And notice that one of the big promoters of "Warre" hives on this forum actually uses "Warre" hives with frames.


----------



## odfrank

>I think the larger amount (4 to 5 lbs) of bees is due to fact that the bees will need to build comb......make sure to feed them heavily until they stop taking it

Bees installed on foundation need to build comb. Bees build foundationless easier than on plastic foundation. I put a three pound package in a Warre two years ago and it filled six boxes. But I cheated...I managed them to work up, not down.


----------



## intlgrrl

Ordered my beehive, I'm very excited. I also spoke with my bee supplier about combining the 3 lbs queen package with a 2 lbs queenless bee package and she explained how that works and that since the bees aren't traveling too far that they should be ok. She also gave me a few good ideas for preparation before combining the bees in the hive in order to prevent queen balling from the 2 lbs package. I think it should be ok, if not, lesson learned


----------



## BYOBee

If you want a good install video, go to www,thewarrestore.com and scroll down to video tutorials and then click on installation ....Sure helped me when I started


----------



## intlgrrl

BYOBee said:


> If you want a good install video, go to www,thewarrestore.com and scroll down to video tutorials and then click on installation ....Sure helped me when I started


 The video was a good suggestion. The Warre hive I ordered is foundationless, so this will be a big leap since this will be my first hive ever. I do have one question... about poking a whole in the candy for the queen... since now I'm getting 5 lbs of bees total from two packages, wouldn't it be better to leave the candy as is? A longer time to accept the queen I would think.. plus I have to be honest, I would be afraid of poking the queen, so even with the one 3 lbs package, I wouldn't want to poke a hole in the candy, I would rather leave it in tact. Is that wrong? Plus my supplier gave me a few tips about combining the two packages that seemed helpful, and she didn't mention poking a hole in the candy.


----------



## BYOBee

I'm sure the bees will not have any problems releasing the queen even without the nail hole....may take them a little longer


----------



## BernhardHeuvel

odfrank said:


> And notice that one of the big promoters of "Warre" hives on this forum actually uses "Warre" hives with frames.


And please notice that one of the big promoters of Warré hives on this forum has kept bees on fixed comb (and still keep about 20 of them) in fixed comb hives for ten years.


----------



## jadebees

To Honeyforall, if you had any experience keeping Warre hives you would not say they are "Rube Goldberg". Is your opinion based on your limited knowledge? Seems so.
Even with mass production of Lang hives they are not price competitive with Warre hives.
Warre designed this hive partially to address the high failure rate of his parishioners using Lang gear. This trend continues to this day.
I have made and used every type of hive. My old dad made furniture , I've got the skills & tools. Remove the huge mass production aspect of modern hive parts and you find maintenence and production of Warre hives is about 5 times as cost effective. All while simplifying basic beekeeping. Many common beekeeping tasks are simplified by Warre hives. They work wonderfully and produce just as well. They do require attention, just as any hive does. That's the fad thing untrue about them. If a person is serious about home beekeeping and is willing to understand how to work Warre hives they will have much less issues and costs longterm.


----------



## Honey-4-All

Since i have "limited" Warre experience please enlighten me on why they are so wonderful.

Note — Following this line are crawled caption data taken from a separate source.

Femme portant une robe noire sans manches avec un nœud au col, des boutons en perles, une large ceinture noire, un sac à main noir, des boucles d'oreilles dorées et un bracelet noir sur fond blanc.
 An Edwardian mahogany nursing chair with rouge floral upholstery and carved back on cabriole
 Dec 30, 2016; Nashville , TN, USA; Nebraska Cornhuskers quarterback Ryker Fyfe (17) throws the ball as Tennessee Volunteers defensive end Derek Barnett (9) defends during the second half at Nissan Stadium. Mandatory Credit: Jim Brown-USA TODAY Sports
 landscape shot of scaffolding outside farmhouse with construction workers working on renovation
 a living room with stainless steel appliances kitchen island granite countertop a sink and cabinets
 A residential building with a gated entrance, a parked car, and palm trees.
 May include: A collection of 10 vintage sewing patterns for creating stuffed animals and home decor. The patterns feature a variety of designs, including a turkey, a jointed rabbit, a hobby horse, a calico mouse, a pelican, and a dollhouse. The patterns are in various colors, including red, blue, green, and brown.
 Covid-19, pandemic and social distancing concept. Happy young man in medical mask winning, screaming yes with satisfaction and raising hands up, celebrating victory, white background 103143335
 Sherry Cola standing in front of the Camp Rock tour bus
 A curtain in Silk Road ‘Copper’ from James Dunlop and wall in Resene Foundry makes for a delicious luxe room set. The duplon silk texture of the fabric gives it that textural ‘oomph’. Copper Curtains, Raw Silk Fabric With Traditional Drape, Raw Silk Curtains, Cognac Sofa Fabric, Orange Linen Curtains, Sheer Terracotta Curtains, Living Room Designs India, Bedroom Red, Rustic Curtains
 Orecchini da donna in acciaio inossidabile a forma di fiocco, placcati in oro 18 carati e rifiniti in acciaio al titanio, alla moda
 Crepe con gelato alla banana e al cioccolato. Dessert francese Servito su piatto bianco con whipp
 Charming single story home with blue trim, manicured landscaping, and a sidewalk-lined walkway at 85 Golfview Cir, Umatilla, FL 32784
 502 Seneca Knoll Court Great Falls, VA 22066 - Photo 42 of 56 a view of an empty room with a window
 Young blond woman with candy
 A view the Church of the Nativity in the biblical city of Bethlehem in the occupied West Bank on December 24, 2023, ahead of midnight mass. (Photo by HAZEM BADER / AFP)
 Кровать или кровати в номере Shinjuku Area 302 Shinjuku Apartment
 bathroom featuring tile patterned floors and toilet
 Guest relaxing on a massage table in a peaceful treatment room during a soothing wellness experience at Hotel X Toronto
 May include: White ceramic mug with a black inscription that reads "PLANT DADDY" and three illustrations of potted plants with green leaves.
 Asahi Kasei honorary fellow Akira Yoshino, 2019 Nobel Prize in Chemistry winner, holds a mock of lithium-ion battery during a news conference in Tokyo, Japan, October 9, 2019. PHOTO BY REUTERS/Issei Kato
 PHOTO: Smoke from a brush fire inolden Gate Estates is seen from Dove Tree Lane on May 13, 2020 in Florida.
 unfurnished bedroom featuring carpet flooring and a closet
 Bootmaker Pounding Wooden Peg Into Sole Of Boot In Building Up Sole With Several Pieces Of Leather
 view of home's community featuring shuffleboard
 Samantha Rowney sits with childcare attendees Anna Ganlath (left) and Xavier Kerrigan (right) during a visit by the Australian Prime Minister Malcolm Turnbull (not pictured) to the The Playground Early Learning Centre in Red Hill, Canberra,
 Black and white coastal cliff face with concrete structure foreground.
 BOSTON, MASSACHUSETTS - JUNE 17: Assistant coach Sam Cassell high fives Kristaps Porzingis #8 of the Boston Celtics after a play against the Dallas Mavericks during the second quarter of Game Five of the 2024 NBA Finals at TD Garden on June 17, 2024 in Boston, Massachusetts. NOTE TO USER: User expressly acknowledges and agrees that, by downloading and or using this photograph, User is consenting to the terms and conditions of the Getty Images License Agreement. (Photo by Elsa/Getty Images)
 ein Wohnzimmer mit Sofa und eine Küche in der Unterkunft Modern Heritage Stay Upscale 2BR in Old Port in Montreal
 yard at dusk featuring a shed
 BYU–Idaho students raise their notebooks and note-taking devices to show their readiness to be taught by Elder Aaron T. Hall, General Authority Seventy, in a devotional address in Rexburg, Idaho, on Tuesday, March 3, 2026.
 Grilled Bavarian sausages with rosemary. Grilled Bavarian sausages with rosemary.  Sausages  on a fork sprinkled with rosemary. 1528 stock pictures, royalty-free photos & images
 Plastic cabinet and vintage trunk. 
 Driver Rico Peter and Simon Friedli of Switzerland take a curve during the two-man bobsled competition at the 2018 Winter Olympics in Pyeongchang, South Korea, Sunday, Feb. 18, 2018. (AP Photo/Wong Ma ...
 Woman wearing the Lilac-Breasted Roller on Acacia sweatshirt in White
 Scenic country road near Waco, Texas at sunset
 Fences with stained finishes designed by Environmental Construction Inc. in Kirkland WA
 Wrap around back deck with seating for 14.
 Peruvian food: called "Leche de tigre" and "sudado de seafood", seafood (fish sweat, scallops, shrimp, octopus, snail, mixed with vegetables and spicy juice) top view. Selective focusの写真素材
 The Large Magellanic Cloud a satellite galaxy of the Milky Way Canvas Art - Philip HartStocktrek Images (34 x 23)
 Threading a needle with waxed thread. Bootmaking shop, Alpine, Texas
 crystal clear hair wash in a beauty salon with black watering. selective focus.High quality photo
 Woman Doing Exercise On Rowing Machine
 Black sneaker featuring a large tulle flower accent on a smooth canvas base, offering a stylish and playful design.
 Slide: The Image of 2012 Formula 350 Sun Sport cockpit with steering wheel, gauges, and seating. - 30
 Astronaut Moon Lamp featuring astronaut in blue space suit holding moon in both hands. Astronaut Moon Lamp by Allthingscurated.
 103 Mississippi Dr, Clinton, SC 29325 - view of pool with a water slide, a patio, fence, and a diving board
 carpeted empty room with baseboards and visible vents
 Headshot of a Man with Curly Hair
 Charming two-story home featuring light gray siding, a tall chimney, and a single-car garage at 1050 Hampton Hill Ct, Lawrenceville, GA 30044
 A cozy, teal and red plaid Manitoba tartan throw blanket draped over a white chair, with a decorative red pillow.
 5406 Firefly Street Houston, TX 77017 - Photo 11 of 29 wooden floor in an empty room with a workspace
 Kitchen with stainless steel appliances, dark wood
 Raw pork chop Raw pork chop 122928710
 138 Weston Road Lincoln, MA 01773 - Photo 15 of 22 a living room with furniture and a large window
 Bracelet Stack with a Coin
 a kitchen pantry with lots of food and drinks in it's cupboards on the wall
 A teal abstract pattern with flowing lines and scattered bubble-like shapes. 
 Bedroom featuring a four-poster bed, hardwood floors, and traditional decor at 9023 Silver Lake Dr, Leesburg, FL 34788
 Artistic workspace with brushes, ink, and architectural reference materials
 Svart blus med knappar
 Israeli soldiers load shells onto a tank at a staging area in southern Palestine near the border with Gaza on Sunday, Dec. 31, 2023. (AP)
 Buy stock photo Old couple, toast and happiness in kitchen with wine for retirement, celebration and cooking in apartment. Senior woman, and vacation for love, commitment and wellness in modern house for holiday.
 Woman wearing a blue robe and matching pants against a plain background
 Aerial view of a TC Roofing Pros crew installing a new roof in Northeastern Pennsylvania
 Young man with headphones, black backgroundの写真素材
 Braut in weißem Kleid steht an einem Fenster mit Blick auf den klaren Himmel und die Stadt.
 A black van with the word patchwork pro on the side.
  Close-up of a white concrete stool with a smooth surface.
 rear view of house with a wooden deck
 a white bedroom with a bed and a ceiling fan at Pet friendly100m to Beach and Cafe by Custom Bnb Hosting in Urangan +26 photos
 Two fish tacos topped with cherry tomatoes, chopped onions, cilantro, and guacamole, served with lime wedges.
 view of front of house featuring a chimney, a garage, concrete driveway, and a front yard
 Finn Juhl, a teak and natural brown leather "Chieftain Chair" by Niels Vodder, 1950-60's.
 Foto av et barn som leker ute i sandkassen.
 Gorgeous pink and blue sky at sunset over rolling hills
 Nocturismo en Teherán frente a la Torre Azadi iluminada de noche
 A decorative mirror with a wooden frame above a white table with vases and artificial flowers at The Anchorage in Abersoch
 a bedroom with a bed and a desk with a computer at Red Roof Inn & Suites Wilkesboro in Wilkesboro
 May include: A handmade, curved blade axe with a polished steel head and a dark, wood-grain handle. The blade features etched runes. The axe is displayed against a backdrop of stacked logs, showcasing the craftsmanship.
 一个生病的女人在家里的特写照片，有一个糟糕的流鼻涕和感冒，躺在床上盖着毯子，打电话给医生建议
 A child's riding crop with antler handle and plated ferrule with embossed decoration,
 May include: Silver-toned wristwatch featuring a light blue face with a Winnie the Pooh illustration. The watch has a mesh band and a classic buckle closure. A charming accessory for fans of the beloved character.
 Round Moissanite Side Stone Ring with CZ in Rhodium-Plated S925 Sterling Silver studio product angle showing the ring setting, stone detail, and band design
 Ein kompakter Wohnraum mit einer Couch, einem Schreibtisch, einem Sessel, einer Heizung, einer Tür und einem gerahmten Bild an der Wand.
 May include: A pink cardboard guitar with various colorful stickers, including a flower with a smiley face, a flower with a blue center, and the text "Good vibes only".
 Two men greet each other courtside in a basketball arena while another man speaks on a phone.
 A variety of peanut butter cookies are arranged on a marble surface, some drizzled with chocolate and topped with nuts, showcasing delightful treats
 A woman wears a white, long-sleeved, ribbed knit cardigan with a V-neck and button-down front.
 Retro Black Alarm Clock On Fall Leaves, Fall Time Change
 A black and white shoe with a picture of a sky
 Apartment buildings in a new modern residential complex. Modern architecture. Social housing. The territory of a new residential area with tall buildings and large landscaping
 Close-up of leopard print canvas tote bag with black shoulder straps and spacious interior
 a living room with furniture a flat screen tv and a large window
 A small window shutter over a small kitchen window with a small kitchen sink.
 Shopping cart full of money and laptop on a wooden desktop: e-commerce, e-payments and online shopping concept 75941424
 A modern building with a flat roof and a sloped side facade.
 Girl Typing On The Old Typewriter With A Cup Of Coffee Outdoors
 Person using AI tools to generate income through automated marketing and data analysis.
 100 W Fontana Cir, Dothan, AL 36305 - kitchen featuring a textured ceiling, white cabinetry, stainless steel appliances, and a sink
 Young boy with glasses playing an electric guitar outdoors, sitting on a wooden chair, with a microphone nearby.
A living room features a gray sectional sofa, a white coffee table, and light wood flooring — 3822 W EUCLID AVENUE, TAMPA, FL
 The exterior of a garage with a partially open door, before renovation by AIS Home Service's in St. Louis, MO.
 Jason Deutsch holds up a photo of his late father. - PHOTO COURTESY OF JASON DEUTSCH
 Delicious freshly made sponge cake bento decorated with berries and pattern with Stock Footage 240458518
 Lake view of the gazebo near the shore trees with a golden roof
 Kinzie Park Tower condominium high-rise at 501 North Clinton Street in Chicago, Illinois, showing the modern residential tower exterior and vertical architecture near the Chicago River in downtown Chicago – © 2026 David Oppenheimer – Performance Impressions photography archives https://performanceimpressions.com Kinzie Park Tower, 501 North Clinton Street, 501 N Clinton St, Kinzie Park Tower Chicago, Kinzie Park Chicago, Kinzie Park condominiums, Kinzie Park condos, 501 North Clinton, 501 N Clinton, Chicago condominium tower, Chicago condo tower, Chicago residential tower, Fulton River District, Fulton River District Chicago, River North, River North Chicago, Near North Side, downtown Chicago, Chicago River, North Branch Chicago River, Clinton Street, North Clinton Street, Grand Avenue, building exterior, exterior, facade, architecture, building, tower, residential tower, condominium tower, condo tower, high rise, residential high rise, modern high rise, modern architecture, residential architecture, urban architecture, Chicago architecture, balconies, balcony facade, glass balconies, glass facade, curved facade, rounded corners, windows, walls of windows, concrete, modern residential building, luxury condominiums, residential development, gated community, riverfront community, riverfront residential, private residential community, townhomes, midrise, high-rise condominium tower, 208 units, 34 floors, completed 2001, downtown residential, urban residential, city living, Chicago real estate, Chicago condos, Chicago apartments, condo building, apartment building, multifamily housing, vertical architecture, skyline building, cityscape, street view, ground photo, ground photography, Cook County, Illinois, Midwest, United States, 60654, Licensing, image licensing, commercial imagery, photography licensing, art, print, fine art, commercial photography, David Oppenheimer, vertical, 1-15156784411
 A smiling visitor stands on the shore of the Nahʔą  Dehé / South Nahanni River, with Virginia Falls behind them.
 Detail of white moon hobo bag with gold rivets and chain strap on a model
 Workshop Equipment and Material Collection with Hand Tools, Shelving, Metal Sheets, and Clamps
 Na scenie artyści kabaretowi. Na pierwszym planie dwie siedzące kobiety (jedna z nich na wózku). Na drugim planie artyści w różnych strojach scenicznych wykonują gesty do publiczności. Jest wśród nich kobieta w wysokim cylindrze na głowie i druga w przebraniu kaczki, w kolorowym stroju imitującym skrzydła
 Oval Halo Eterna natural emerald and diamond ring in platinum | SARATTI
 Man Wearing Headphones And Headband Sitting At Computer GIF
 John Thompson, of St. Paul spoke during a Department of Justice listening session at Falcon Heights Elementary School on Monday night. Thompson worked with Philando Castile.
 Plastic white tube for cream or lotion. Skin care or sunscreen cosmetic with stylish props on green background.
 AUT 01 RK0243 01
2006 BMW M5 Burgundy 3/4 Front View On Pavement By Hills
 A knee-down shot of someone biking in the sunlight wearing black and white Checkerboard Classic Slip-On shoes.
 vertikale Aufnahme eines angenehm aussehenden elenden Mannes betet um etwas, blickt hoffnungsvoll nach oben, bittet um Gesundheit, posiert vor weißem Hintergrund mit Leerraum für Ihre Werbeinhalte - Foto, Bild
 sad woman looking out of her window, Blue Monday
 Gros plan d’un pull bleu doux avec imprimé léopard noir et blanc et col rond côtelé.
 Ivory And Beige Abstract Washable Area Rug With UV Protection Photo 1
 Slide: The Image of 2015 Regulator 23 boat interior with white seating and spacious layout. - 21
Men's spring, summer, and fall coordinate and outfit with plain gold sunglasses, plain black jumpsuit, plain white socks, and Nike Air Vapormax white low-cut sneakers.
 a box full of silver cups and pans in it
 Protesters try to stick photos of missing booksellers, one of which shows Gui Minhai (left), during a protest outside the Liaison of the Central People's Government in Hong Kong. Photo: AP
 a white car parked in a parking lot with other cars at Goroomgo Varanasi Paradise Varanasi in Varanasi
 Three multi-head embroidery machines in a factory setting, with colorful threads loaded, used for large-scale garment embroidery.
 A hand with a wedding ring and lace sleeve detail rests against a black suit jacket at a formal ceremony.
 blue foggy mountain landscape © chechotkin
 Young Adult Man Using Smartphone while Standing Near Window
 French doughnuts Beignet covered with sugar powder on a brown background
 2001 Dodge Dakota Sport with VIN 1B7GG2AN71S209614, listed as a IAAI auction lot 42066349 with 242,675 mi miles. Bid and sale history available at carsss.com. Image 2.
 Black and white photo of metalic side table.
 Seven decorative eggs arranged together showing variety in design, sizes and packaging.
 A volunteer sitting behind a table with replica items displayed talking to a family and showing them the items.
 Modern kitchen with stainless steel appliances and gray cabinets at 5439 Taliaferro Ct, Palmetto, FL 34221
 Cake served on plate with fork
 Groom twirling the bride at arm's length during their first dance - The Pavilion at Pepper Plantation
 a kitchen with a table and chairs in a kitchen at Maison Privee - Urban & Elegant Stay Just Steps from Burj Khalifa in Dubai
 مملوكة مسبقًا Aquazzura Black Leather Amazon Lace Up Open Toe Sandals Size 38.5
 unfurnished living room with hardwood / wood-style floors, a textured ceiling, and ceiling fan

I'm sure they have benefits......

The question is: Does the drawback side of of the bee teeter totter outway the benefit side with the Warre?


----------



## jadebees

Do your own research if you care.


----------



## Honey-4-All

What I care about is all those folks who bought packages from me and a few associates who happen to screw the bees and queens up at a very high rate compared to the "standard" crowd.. 

If the things are so miraculous i'm doing a head scratch as to why the failure rate is so high..... ??????????


----------



## intlgrrl

I suddenly feel like I've walked into a beekeeper's version of a Big Bang Theory episode.... I'm sorry that my topics/questions have set off a "merry war betwixt" certain beekeepers and their theories.... unfortunately, I'm too new to even keep up...


----------



## jadebees

Dont worry about it. Just learn about beekeeping. Warre hives are easy to use.


----------



## BernhardHeuvel

Honey-4-All said:


> ... why the failure rate is so high..... ??????????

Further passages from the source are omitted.